While this might worry theorists unversed in technology, such variances are again commonplace, if often misunderstood. Moreover, it is ontologically impossible to replicate one medium in another. In medium translations, interpretation is intrinsically part of the work process, whether one wishes to acknowledge it or not. To presume otherwise and relinquish human intervention in translation is to presume that the technology enabling translation is itself neutral; yet believing so is itself subjective faith. Some would argue that medium tranlations should not be undertaken, period. While I deeply medium integrity, I would temper my own vocal support of it (as I have previously)with the suggestion that although it is essential for some works, it isn't for others. And while I accept the fact that certain works must be lost to the winds of history, not all works in obsolescent media muist necessarily be forfeited. Another type of cultural loss ensues when works that might successfully survive translation are withheld from it, in adherence to a rigid Platonic ideal. Ironically, some works can be if not 'restored' then reimagined or reembodied, precisely in their transformation. The challenge in this enterprise is skillful execution."
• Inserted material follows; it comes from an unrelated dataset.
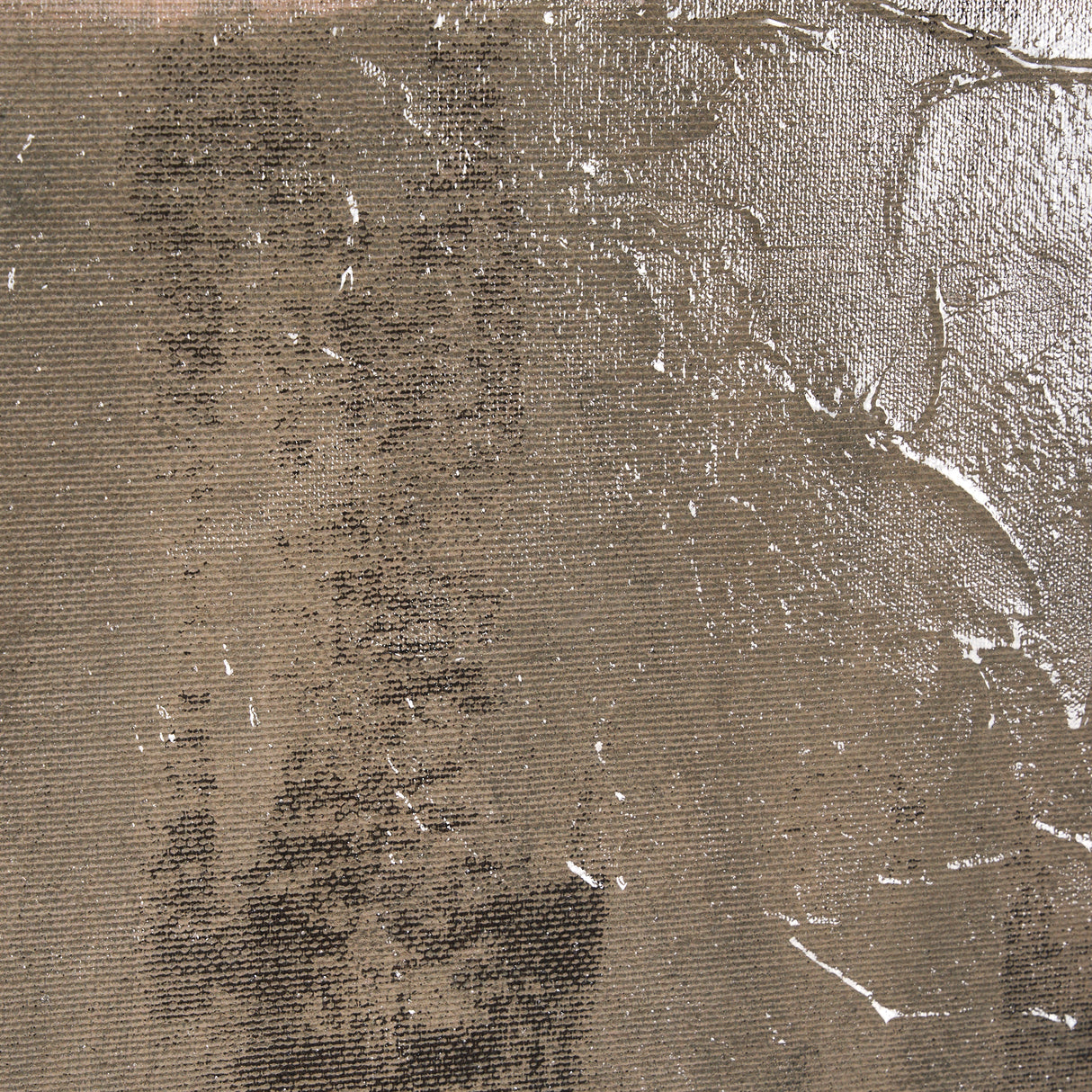 Quiet Echoes - Wash by Mercana Studio a Hand Embellished Textured Framed Art Print from Mercana - Luna Furniture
Lipman's article deals exclusively with the film as a physical artifact and its transferal into another format. Meaning that while he provides plenty of details about things like image quality, there's nothing said about the images themselves. And what on those images, of the film’s content? The same megaton blast seen from about two dozen perspectives; the magnitude and intensity of its destructive might perhaps ungraspable for the viewer, even when aided by the expanse of a full-scale theater screen, even with the aid of all those abandoned warships anchored on the blast’s periphery to help give the viewer some sense of scale.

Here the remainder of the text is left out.